### Assignment
If pictures appear in the lines below, skip them and copy exactly the lines from the one containing "My favorite thing" through the one containing "Speeding it up", and nothing else.

### Extracted material
_ _ _ _

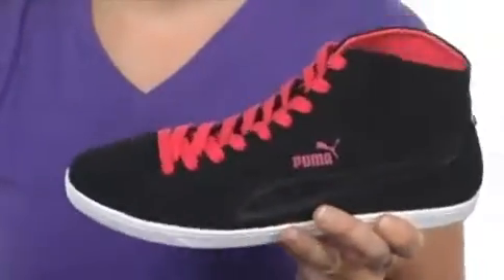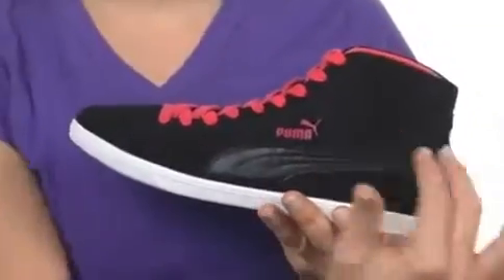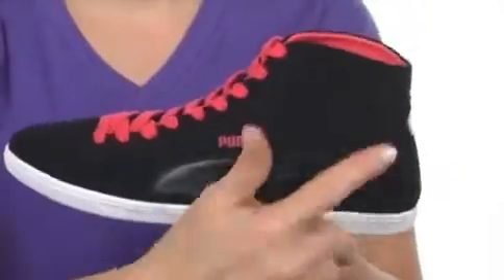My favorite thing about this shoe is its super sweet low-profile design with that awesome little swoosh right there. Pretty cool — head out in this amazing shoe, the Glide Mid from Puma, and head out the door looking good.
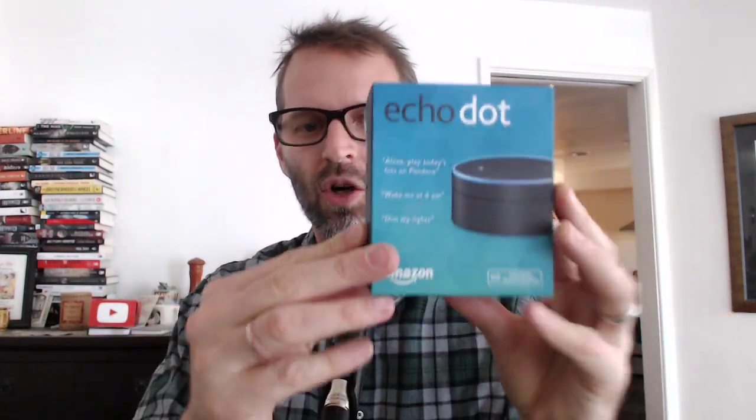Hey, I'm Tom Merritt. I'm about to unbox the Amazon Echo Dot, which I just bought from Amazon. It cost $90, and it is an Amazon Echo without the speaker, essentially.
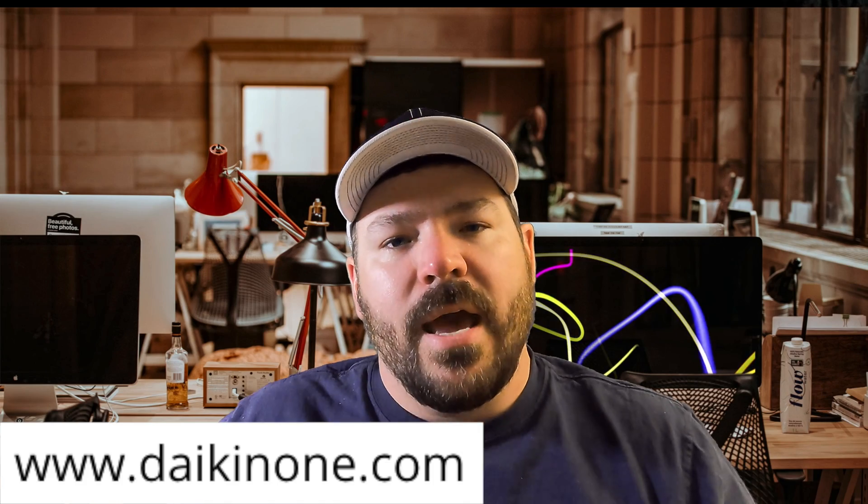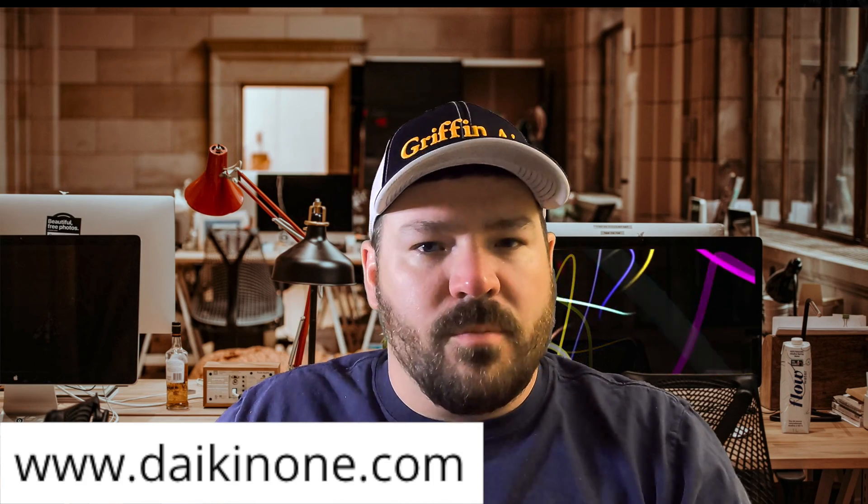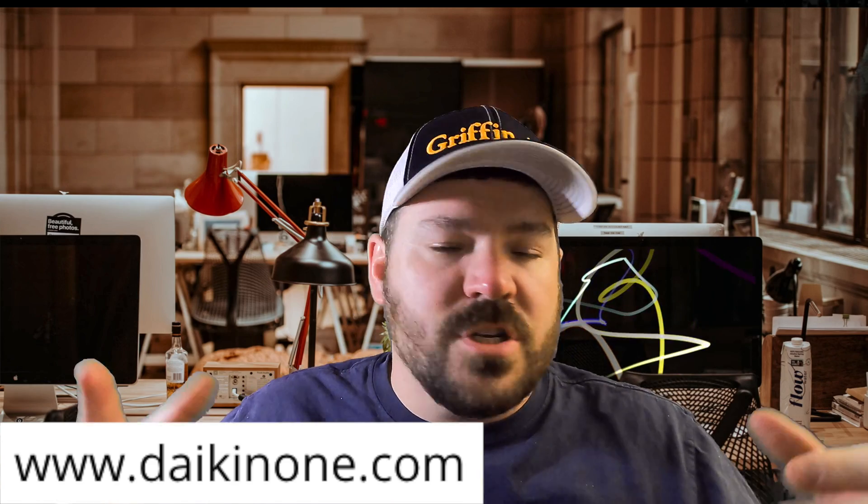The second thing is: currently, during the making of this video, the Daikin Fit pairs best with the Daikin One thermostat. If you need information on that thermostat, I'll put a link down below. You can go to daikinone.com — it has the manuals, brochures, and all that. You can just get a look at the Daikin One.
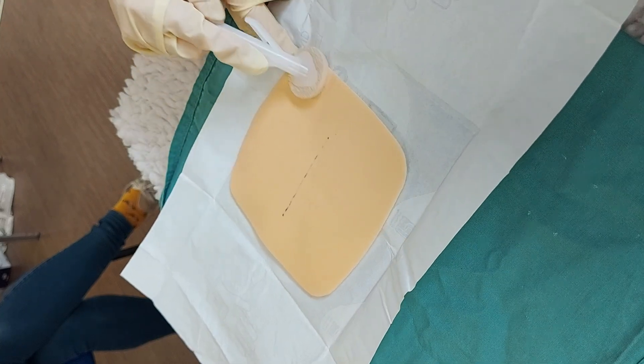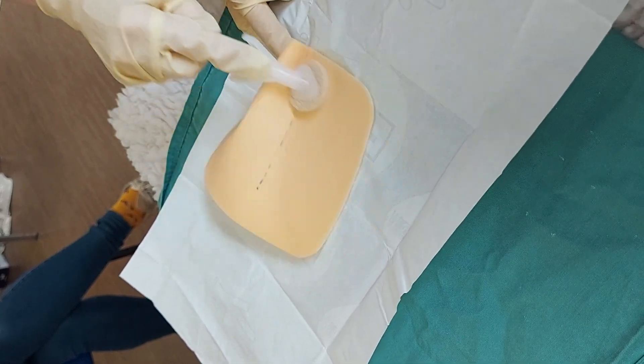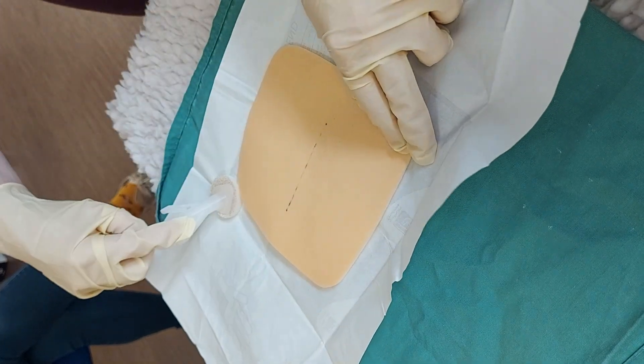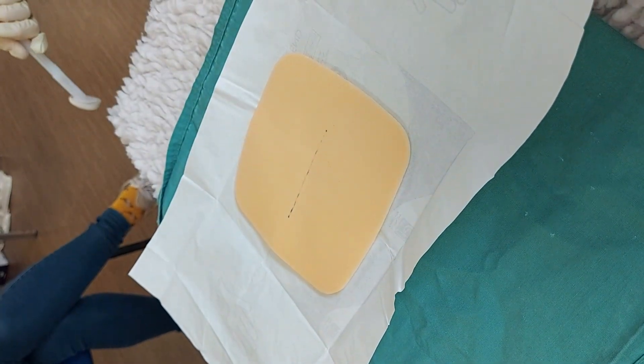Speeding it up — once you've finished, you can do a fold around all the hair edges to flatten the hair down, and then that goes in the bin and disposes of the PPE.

_ _ _ _

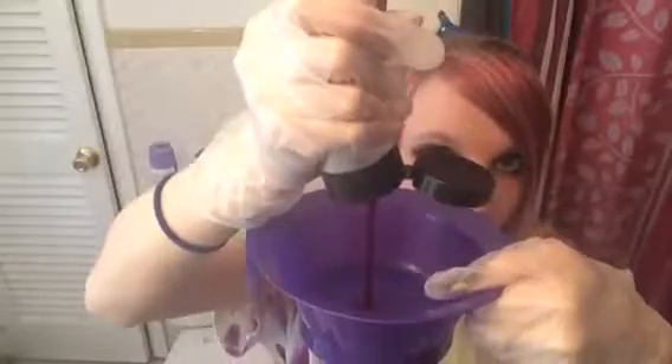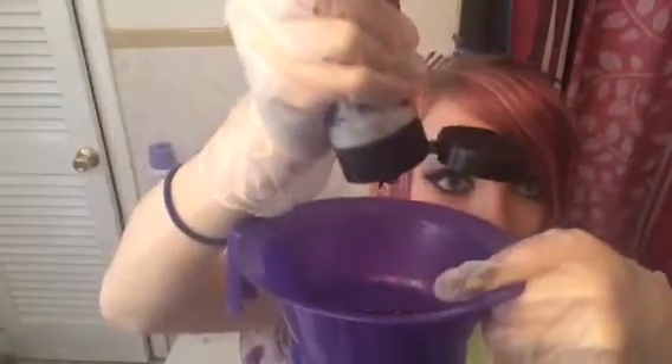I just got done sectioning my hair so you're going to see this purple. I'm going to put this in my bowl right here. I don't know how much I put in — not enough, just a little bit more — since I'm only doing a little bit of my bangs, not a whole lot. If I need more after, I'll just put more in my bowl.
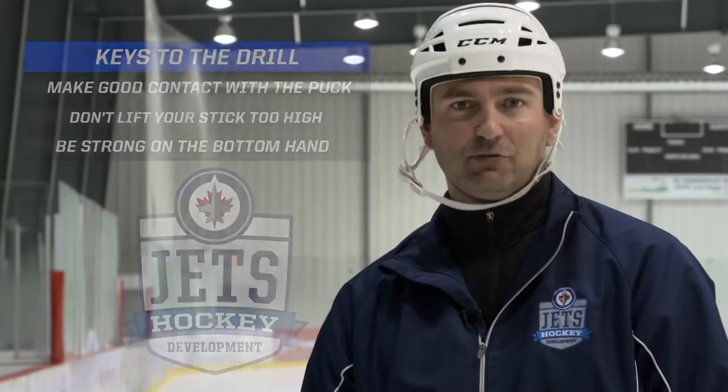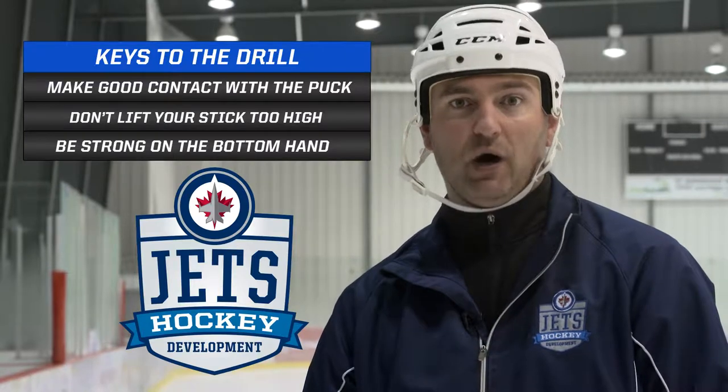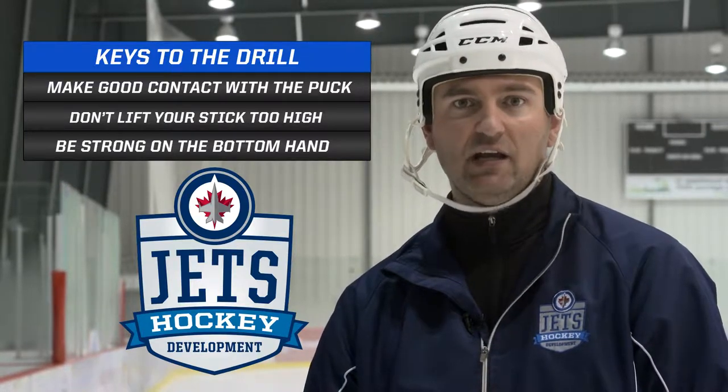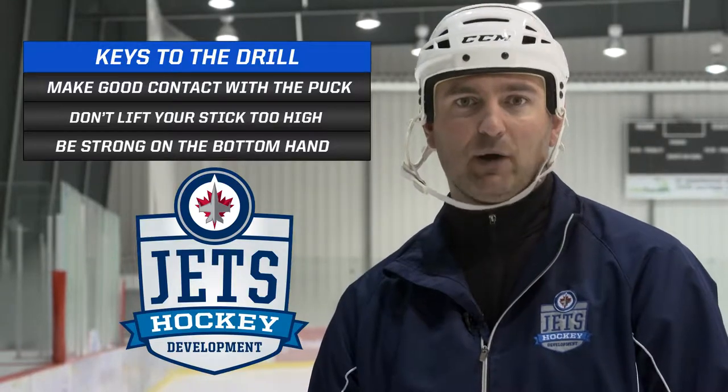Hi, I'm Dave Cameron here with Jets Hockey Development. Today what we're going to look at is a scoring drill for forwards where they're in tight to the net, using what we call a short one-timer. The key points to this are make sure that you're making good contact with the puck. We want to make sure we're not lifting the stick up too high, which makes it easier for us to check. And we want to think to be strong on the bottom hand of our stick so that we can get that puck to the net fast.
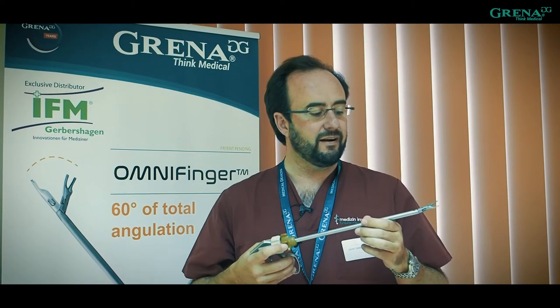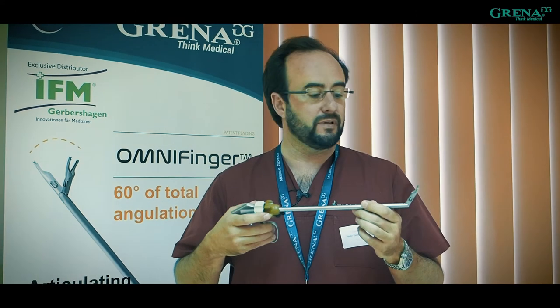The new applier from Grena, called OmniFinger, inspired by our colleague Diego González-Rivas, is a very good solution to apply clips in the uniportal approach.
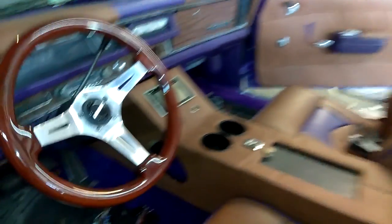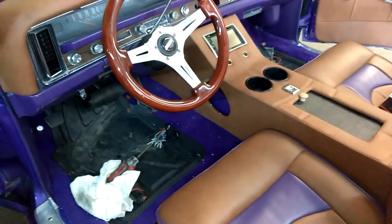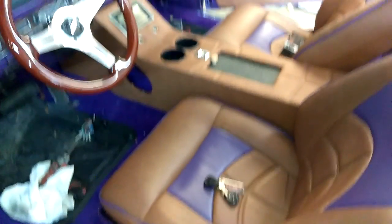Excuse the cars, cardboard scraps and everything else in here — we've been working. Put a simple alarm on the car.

_ _ _ _

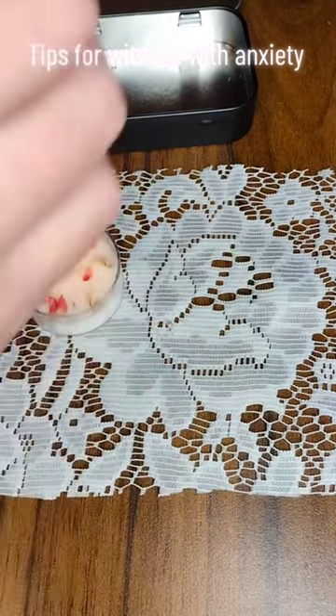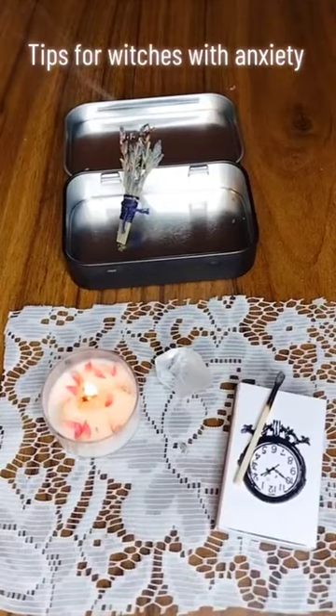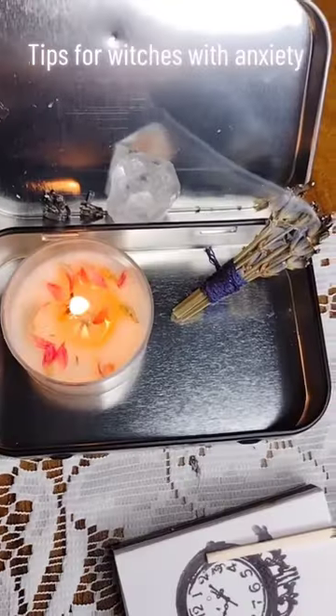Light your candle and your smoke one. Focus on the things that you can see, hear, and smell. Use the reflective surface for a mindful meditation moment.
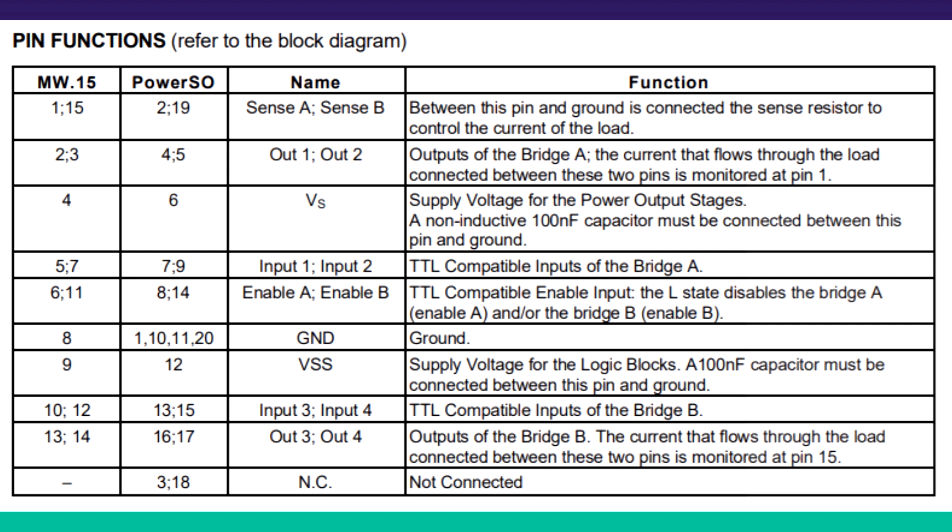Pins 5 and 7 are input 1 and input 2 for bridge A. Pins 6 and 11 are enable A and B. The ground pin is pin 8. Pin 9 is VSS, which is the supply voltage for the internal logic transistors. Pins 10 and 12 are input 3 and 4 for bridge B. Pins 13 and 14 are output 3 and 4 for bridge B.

_ _ _ _

### Finished task
My favorite thing about this shoe is its super sweet low-profile design with that awesome little swoosh right there. Pretty cool — head out in this amazing shoe, the Glide Mid from Puma, and head out the door looking good.
Hey, I'm Tom Merritt. I'm about to unbox the Amazon Echo Dot, which I just bought from Amazon. It cost $90, and it is an Amazon Echo without the speaker, essentially.
The second thing is: currently, during the making of this video, the Daikin Fit pairs best with the Daikin One thermostat. If you need information on that thermostat, I'll put a link down below. You can go to daikinone.com — it has the manuals, brochures, and all that. You can just get a look at the Daikin One.
Speeding it up — once you've finished, you can do a fold around all the hair edges to flatten the hair down, and then that goes in the bin and disposes of the PPE.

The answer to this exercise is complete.